Splitting kindling wood for the kitchen stove, after I’d pumped two buckets of water. Hewer of wood and drawer of water—that was my role for years, until Paul grew big enough to do it in his turn.
Our half-Shawnee grandmother—Milly Cornflower Lightcap—was the daughter of a medicine man known to the whites as Doctor Jim (a condescending honorific) because of his healing arts and herbal lore. Doctor Jim never revealed his secret tribal name, not to any kin of ours; there was dangerous power in the name, easily lost. He lived alone in a one-room cabin in the woods, last of the Shawnee full bloods, and survived for eighty years by trapping, hunting, poaching, by odd jobs, charity and scavenging, and by his medical skills, much in demand locally. When he died he died alone, chanting (we presume) his personal death song, and lamenting the destruction and exile of his people. Never did go to Oklahoma. Never did join the cash nexus. Never did get baptized.

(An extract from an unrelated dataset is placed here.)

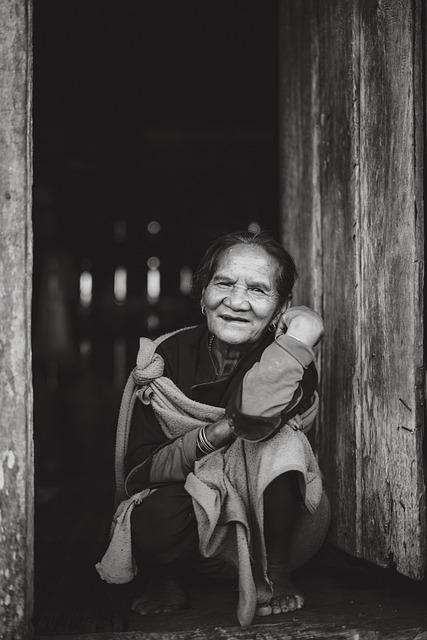 old woman, smile, portrait
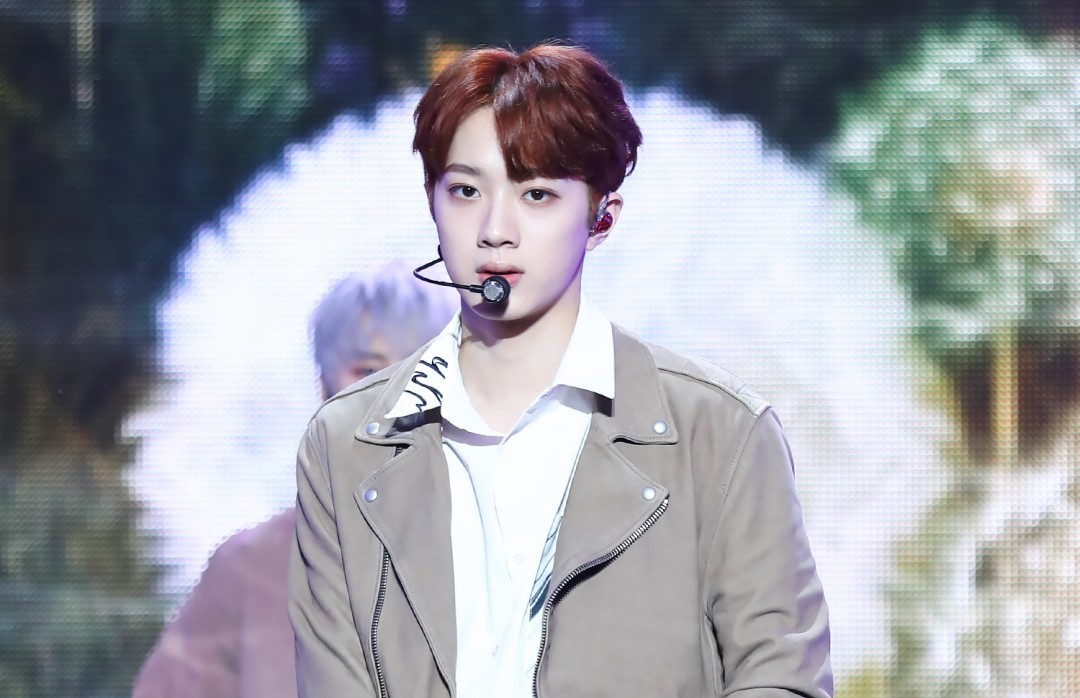 Rộ tin hai thành viên ra mắt solo sau khi Wanna One tan rã, một người bị mỉa đừng nhảy, hát ballad thôi - Ảnh 3. Rộ tin hai thành viên ra mắt solo sau khi Wanna One tan rã, một người bị mỉa đừng nhảy, hát ballad thôi - Ảnh 3.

Grandmother Cornflower was half white by ancestry, her mother an indentured servant named Tillie Ostrander who’d run away from a family of Pennsylvania Dutch (Germans) in Lancaster County, Pennsylvania. Tillie crossed over the mountains and allowed herself to become the third or fourth wife (he outlived them all) of Doctor Jim. It was tolerable then for a white man to take an Indian girl as wife—not honorable but tolerable—but for an all-white girl to bed down with an Indian, a buck savage, a male aborigine, a witch doctor, and to love him, stay with him, refuse to leave him even when her brothers came looking for her all the way from beyond the Allegheny Mountains—that was a shameful thing. A thing to be spoken of in whispers. A disgrace near as low—not quite—as Negro blood.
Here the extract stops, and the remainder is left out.